As many others have observed, substantial batch effects can be seen in data from the Illumina 450K array, even after implementing an initial normalization step [Citation34]. Many studies incorporate into their analytic pipelines complex, multi-step adjustments for residual unexplained variability in the DNA methylation distributions (see Citationrefs. [35,Citation36]). These strategies would not be appropriate here, given our sample sizes, but also since we are explicitly studying agreement across replicates rather than examining associations with a phenotype. Nevertheless, there is always the risk that the incorporation of many additional covariates into models, to capture non-specific confounding, will also remove some of the signals that are of interest. As is well known, the best approach for eliminating confounding due to batch effects is to implement an excellent study design upfront, where samples are allocated either randomly or in a balanced way across batches and chips.

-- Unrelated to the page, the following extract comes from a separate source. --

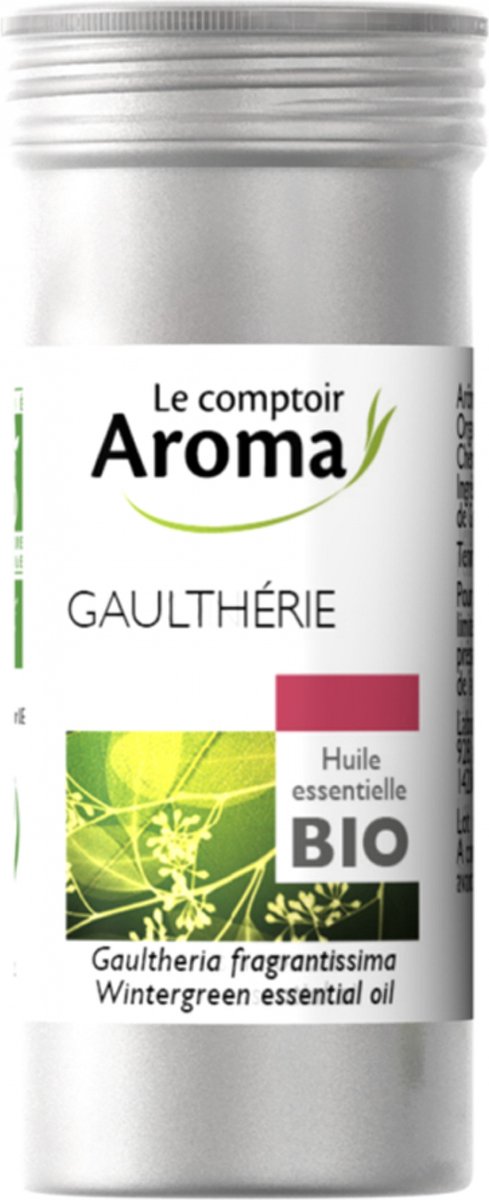 Goedkoopste Le Comptoir Aroma Wintergroen Etherische Olie (Galutheria Fragrantissima) Bio 10 ml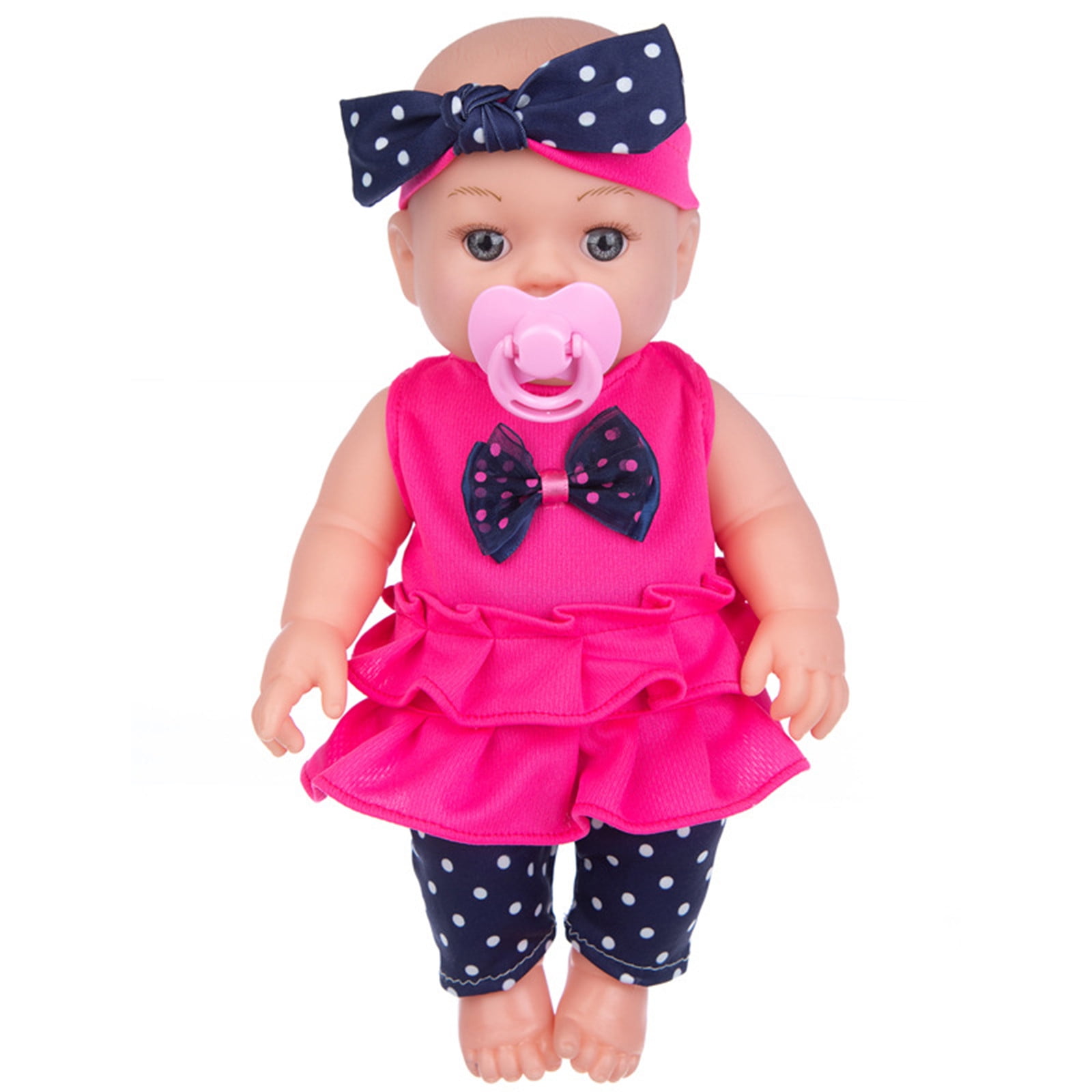 Jikolililili 12 Inch Soft Newborn Baby Dolls Vinyl Baby Dolls With jikolililili-12-inch-soft-newborn-baby-dolls-vinyl-baby-dolls-with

It is worth speculating on reasons for observing an unstable probe, i.e., a probe with poor precision of measurement. Several types of poorly-performing probes have been highlighted: for example, probes where there are SNPs in the probe binding region are often excluded from consideration, [Citation37] as are probes demonstrating non-specific probe binding. Both situations make it more difficult to interpret any results. Probes may also be removed from analysis when the methylation levels are not variable across individuals—methylation is always zero or one. Probe reliability has been associated with genomic features such as shores and islands, although this association may be confounded by the variability across individuals [Citation10,Citation13]. We were curious whether there could be additional poorly-performing probes, that give inconsistent estimates of methylation (after normalization) for unknown reasons; these probes would be expected to show poor technical replicability in multiple tissues. In the samples analyzed here, three different methods were used for extraction of DNA; the method of extraction has been shown to have an influence on the precision of the methylation estimates [Citation38]. There is also the possibility that some aspects of the probe design give rise to less reliable results. Therefore, further studies of the stability of measures of methylation measures, whether across tissues, across DNA extractions, or by comparing probe characteristics after adjusting for inter-sample variability, are warranted.

Methods

Studies, participants, and samples

Data were drawn from two studies:

(1)

The Dutch study was conducted in the Netherlands and is part of the Leiden Consortium Individual Development (L-CID). DNA methylation was measured in 10 healthy individuals (9 females, 1 male) who contributed 2–3 samples of each of whole-blood, buccal swab, and dried blood spots [Citation39]. Written informed consent was obtained for all participants and the study was performed in accordance with the Helsinki Declaration of 1975. The study included a total of 69 samples, 23 from each tissue type. Technical replicates were created by splitting a single extraction into two aliquots for analysis on the 450K arrays. For each tissue type, there were 3 pairs of technical replicates in the data (i.e., 3 individuals contributed a sample that was split for a technical replicate analysis). No individual contributed technical replicates for more than one tissue type (). Repeated samplings from the same individual were taken between 1 and 4 weeks apart. The plating scheme is provided in Supplement Figure S10.

(2)

The second set of replicate measurements, from Canada, includes 93 of the children participating in the Maternal Adversity, Vulnerability and Neurodevelopment (MAVAN) study [Citation40]. Ethical approval for biosampling and molecular analyses was provided by the Douglas Hospital Research Institute's Institutional Review Board and written informed consent was obtained from their parent or legal guardian. All samples taken from the participants in this study are buccal swabs. Some samples were taken from the same child at different ages; these replicates were henceforth referred to as “biological replicates.” The number of days between the samplings varied from 265 days to 576 days (median 498). Three different sets of samples were sent for methylation profiling at different times, referred to as batch B1, B2, and B3. The 45 samples from batch B1 were run in February 2012, the 33 samples from batch B2 in January 2013, and the 173 samples from batch B3 in December 2013. Note that in this manuscript, we use “batch” to describe these sets of samples, and not Illumina production batches. A large set of technical replicates were also assayed, where a single sample was split in two and analyzed, sometimes in the same batch, and sometimes in a different batch. In total, there were replicate samples for 93 individuals from the MAVAN study, consisting of between 2 and 4 replicates per individual. In addition, one adult male contributed 20 technical replicate samples to the third batch (B3) (). The number of samples per batch and per type of replicate can be found in Supplement Table S4.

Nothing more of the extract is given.